PCIe 6.0 x4 SSDs for PCs, which would increase peak bandwidth to up to 32 GB/s, will not be available until 2030, according to Wallace C. Kuo, chief executive of Silicon Motion, a major independent developer of SSD controllers. In fact, neither AMD nor Intel is interested in enabling this capability soon, Kuo told Tom's Hardware in an exclusive interview.
"You will not see any PCIe Gen6 [solutions] until 2030," Kuo said. "PC OEMs have very little interest in PCIe 6.0 right now — they do not even want to talk about it. AMD and Intel do not want to talk about it."
The chief executive of Silicon Motion said that PCIe 6.0 SSDs for consumer PCs will not become a reality till 2030. Therefore, PCIe 5.0 x4 drives will probably remain the best SSDs to buy for your rig for quite a while.
Back in the day, GPUs and solid-state drives for enthusiast PCs would adopt new iterations of the PCIe interface almost immediately after the specification's release. However, the complexity of PCIe 6.0 implementation has slowed down its adoption by both enterprise and client applications.
Costs and the lack of interoperability tests by PCI-SIG (for now) are among the significant reasons behind not adopting the PCIe 6.0 interface for the client PC market.

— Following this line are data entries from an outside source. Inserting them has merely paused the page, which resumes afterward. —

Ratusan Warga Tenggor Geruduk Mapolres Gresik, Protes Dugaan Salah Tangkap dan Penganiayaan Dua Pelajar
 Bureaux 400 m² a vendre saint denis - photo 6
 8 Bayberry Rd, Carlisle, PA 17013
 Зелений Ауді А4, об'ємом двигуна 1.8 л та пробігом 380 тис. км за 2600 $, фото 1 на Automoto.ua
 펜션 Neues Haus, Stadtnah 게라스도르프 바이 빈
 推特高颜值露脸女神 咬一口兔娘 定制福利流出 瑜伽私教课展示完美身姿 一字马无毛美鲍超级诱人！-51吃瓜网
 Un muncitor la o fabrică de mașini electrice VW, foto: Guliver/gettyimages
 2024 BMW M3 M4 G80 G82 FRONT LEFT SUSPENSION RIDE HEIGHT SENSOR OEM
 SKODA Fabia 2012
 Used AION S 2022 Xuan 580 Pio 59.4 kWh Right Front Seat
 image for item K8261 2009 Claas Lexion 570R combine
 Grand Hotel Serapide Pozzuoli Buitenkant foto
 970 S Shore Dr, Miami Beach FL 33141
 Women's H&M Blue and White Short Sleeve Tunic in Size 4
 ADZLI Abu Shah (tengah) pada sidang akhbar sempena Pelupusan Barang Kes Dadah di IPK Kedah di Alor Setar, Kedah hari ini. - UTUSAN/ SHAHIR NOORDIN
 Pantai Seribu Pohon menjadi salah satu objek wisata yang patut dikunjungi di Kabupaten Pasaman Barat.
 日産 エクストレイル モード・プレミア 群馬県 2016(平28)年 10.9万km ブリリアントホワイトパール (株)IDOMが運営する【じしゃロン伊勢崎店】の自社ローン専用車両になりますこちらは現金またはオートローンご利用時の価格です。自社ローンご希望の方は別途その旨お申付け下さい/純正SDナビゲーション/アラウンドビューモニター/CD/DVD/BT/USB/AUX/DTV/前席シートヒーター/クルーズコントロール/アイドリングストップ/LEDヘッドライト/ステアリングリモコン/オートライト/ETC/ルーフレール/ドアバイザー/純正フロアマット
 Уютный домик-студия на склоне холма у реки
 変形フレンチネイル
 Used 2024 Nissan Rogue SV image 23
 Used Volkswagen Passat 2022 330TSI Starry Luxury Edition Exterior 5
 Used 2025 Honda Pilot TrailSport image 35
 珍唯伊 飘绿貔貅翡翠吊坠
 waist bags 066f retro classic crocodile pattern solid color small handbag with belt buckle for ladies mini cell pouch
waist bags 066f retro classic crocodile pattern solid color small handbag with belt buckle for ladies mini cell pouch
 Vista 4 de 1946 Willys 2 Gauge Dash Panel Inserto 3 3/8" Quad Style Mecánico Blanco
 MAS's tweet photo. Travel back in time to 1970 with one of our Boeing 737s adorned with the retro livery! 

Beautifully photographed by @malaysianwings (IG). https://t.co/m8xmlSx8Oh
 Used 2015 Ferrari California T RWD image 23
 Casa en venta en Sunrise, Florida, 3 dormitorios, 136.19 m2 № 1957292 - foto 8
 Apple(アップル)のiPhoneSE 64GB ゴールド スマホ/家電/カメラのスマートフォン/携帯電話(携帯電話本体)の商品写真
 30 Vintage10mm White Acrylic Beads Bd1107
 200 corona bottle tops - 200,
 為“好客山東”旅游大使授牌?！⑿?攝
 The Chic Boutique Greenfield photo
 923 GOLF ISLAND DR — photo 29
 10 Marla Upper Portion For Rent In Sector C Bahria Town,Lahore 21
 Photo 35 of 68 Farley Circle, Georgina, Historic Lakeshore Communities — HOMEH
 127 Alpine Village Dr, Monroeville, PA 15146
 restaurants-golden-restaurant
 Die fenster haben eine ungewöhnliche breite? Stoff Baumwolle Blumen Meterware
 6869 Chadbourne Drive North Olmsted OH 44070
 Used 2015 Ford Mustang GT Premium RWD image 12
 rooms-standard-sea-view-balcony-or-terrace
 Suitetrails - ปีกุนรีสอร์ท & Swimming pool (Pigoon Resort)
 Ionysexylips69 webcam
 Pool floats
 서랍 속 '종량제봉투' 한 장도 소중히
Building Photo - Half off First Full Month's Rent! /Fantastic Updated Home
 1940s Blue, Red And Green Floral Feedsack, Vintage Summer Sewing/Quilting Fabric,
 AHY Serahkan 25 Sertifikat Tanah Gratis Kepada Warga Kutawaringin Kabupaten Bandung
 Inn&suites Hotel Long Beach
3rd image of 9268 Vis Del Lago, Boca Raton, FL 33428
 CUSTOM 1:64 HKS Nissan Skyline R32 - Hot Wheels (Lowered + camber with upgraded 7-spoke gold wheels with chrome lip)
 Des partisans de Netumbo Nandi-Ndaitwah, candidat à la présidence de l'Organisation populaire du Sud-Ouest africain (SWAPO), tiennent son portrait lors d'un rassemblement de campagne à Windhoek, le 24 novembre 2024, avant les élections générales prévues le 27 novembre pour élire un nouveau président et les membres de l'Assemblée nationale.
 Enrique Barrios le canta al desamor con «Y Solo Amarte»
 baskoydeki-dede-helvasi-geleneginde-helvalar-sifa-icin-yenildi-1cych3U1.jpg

As PCIe data rates increase, signal loss, noise, and impedance reduce the allowable copper trace length between the root complex and endpoints. At 16 GT/s (PCIe 4.0), traces can reach up to 11 inches with a 28 dB loss budget, but at 64 GT/s (PCIe 6.0), this drops to 3.4 inches with a 32 dB budget, depending on PCB materials and conditions, according to an Astera Labs presentation.
While such lengths and loss budget may suffice for SSDs in laptop PCs, especially assuming that they use low-loss materials for interconnections (which increases pricing), they may be inadequate for connecting graphics cards on an ATX motherboard, given their complexity nowadays, especially using now-common riser cards for enthusiast-grade PCs that enable placing graphics cards perpendicularly to the PC chassis for everyone to see.
On the data center market, PCIe 6.0 retimers are a straight solution to the issue, but they are too costly for the consumer PC market. Therefore, the client system industry will need to find a way to leverage the additional bandwidth enabled by the new PCIe iterations without relying on high-performance hardware. Without any doubt, it will get there. The only question is when.